Working data:
Start of Block

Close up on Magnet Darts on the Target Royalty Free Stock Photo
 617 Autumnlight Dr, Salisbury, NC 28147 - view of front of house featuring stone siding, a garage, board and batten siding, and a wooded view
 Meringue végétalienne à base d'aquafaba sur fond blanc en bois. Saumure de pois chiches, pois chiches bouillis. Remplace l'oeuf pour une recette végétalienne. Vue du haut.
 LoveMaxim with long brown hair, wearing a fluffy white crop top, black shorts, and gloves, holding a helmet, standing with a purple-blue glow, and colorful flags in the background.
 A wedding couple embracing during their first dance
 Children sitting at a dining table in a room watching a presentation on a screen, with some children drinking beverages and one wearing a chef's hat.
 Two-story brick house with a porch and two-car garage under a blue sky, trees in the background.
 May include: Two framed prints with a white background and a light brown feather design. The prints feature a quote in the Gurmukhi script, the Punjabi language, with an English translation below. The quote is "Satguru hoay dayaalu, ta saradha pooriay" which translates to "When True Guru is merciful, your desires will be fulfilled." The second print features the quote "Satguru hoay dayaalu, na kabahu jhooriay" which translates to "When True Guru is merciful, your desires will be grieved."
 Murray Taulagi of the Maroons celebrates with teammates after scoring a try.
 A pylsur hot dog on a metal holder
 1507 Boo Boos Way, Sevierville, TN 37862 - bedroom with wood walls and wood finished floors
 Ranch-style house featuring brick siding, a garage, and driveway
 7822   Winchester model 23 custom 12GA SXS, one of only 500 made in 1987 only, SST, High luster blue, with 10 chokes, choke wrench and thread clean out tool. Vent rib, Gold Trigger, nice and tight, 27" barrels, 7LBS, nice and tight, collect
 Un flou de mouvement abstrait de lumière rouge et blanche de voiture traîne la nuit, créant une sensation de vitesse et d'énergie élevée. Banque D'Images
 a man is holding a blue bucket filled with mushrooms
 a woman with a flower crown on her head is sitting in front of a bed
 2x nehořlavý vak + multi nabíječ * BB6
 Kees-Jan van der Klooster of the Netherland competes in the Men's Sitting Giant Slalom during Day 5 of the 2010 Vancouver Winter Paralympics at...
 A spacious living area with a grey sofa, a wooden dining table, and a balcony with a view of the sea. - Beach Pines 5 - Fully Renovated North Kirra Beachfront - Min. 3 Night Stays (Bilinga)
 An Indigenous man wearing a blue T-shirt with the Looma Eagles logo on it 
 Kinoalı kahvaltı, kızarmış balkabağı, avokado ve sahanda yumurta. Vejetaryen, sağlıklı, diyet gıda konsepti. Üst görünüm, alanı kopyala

End of Block

Work item:
Go through the lines of the material, counting those with the word "featuring"; afterward give only the total.

Problem solution:
2